KMC Blog

Creating a BitTorrent client in Kotlin — Bencoding

June 25, 2020

BitTorrent

Introducing Corbit

Distributed computing has interested me for a long time — there’s just something about orchestrating tasks across a vast network of systems that scratches that itch. One of the best examples of this I can think of is BitTorrent. To better understand how torrents work under the hood, I’ve been working on implementing my own client in Kotlin — Corbit

This is the first post in a series where I hope to write about my process creating this client as I go. Let’s go ahead and set some expectations for myself from the start.

Realistic Goals

  • Corbit will be written in Kotlin
  • Corbit will be asynchronous, getting as close to completely non-blocking as possible
  • Corbit will be multiplatform, exposing APIs for the JVM, Native, and JS

Lofty Goals

  • Corbit will be interoperable with the WebTorrent protocol
  • Corbit will be split up into artifacts, which will include a web server and a desktop application

A BitTorrent Primer

In the typical transfer of data, a client connects to a server and requests something. It is then the responsibility of the server to serve that data to the client. In the case of downloading a file, a client will receive the data as a sequential stream from the server and maybe write it to disk. In this model of data distribution, there are two points of failure — either the client or the server are susceptible to dropping the connection.

Client Server Animation

However, BitTorrent does things a bit differently. Rather than setting up a client-server relation to exchange data, a client connects to a swarm of peers to request data — it’s a peer-to-peer protocol. A peer is another client who can request data from the swarm, provide data to the swam, or both.

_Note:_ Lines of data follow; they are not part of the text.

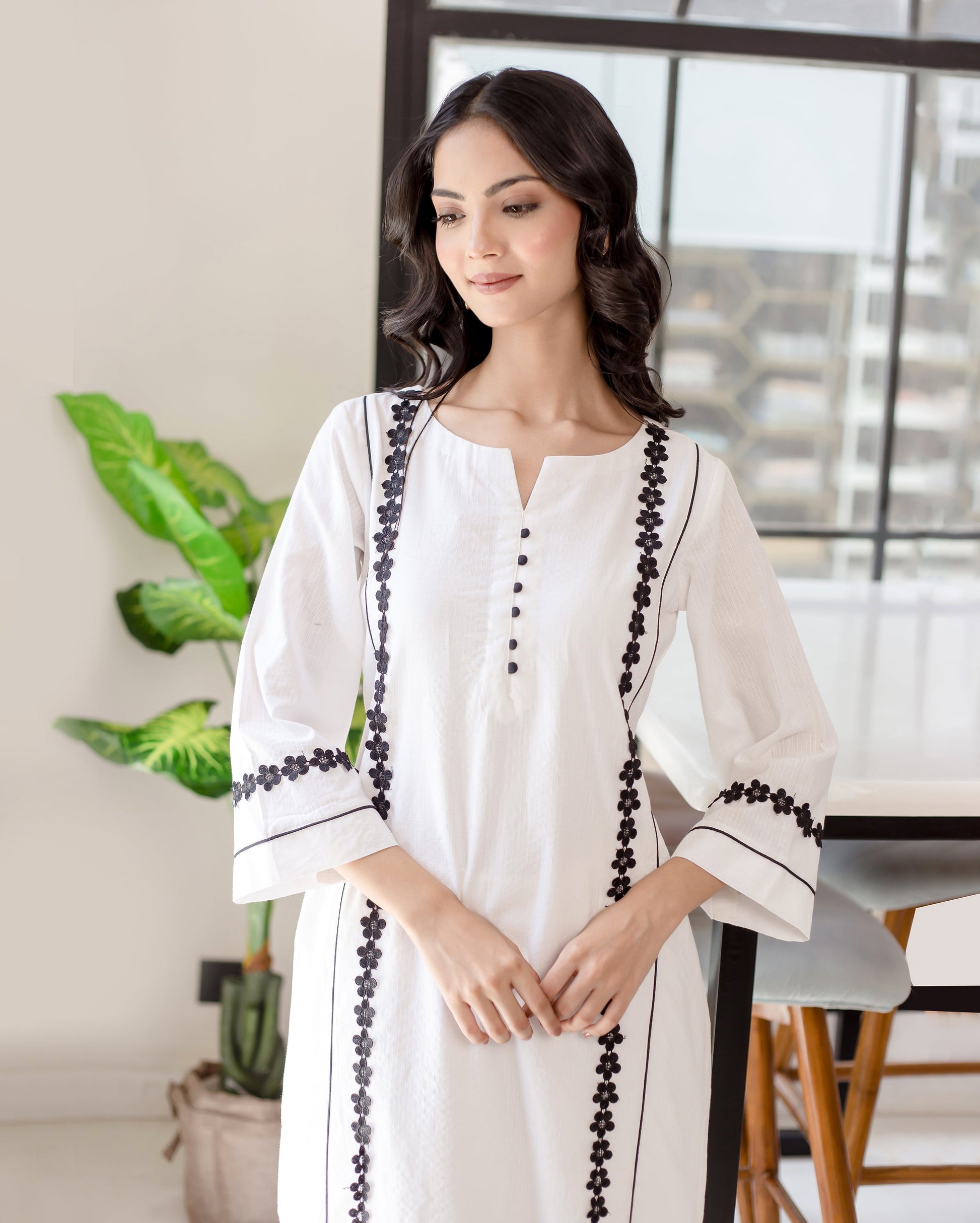 Calla White Solid Cotton Coord Set Quick Cart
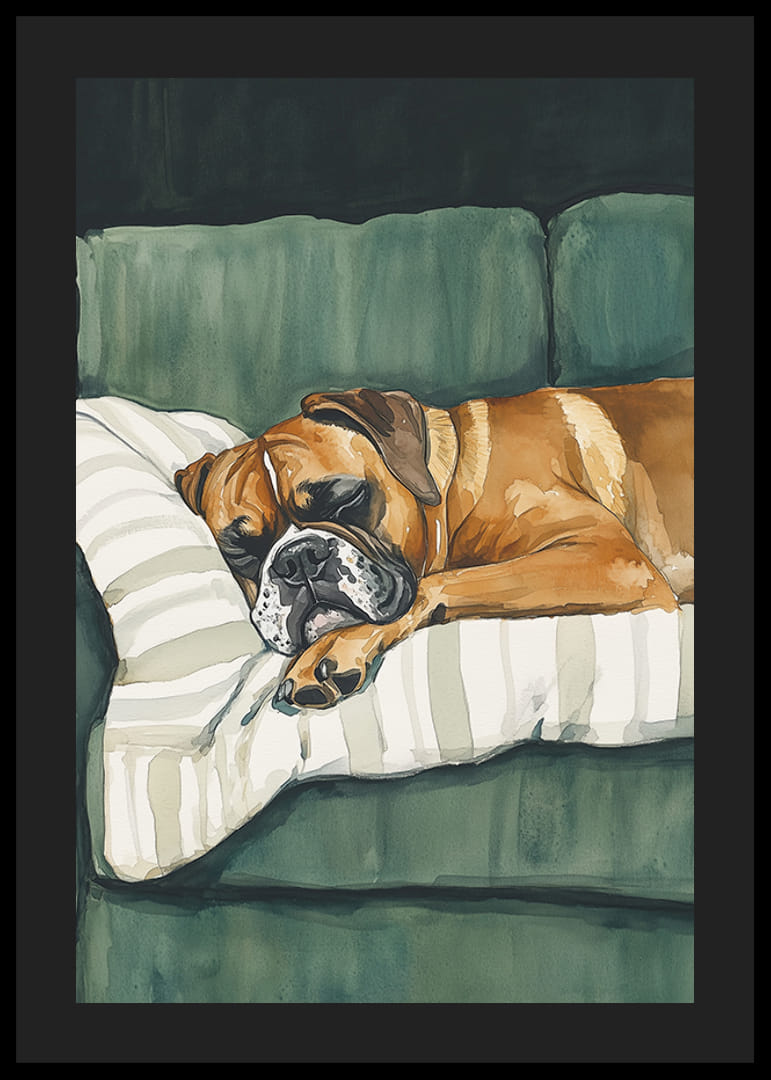 Un afiș cu un boxer adormit pe o pernă în dungi-12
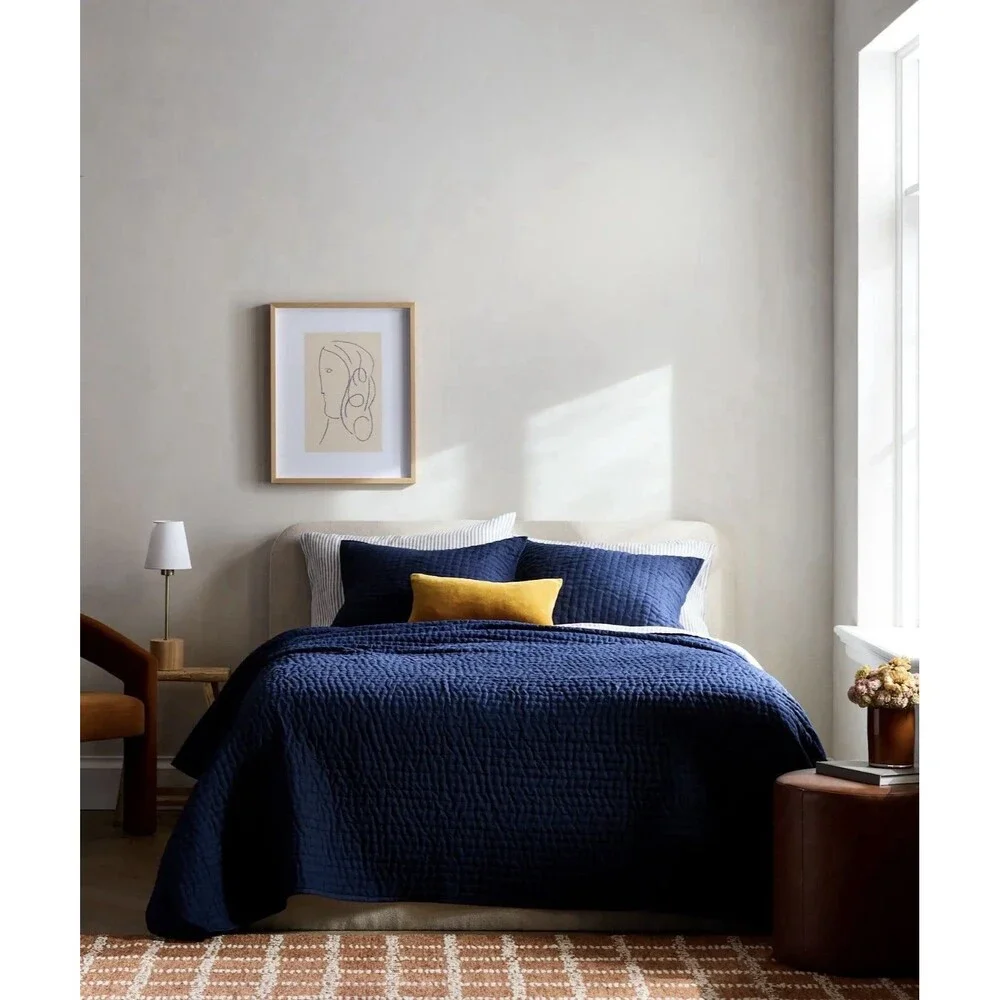 Quince European Linen Cotton Stitch Quilt Set Full / Queen Navy $189.90 Retail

In this model of data distribution, the swarm is resilient to data disruption. Clients typically request data non-sequentially from the swarm. Different distribution algorithms apply, but one of the most popular prioritizes distributing the rarest pieces to make the swarm more fault tolerant. Therefore, if a peer decides to exit a swarm, there are likely plenty of other peers in the swarm which provide data redundancy.

In a normal client-server scenario, the more connections requesting data the likelier the server is to fail. In a BitTorrent swarm, the the opposite is true. The more connected peers, the more resilient the swarm.

There are plenty of use cases for BitTorrent which are, um, legitimate.

If you’ve ever used BitTorrent before, you might know that you typically download something called a .torrent file. This is a small file, usually a couple of kilobytes, that can be used in conjunction with a client to download some data. If by chance you’ve accidentally opened a torrent file in a text editor, you’ll see something like the following.

torrent file text

To the naked eye, this information looks pretty useless. How does a torrent client make sense of the countless errors shown in that text file? Answering that question begins our journey.

Decoding a torrent file

A torrent file includes the information we need in order to connect to a tracker. In the BitTorrent world, a tracker is the entity which hosts the set of of connection capable peers from which to download data. Trackers are normally just an http server — for example the tracker for Ubuntu is https://torrent.ubuntu.com. The torrent file also includes other valuable information like piece length, pieces, name, and length which is all information that describes the files hosted by other clients in the swarm.

Unfortunately, this information isn’t in a simple JSON format for us to read. BitTorrent is a binary protocol where information is encoded in a format called Bencoding (pronounced B-encoding).

Understanding Bencoding

Bencoding is a way to specify and organize data in a terse format. It supports byte strings, integers, lists, and dictionaries.

Bencoded Integers

Bencoded integers are delimited by the tokens i at the beginning and an e at the end. The data housed between those two tokens are the valid base 10 ASCII representation of an integer.

For example, the data i3e represents the integer 3.

Bencoded Byte Strings

In contrast with the other bencoded data types, byte strings do not have a beginning and end delimiter. Instead, a byte string is specified by a base 10 ASCII representation of the data length, a separator :, and the data. Byte strings are specifically useful when housing binary data which should not be interpreted as encoded text.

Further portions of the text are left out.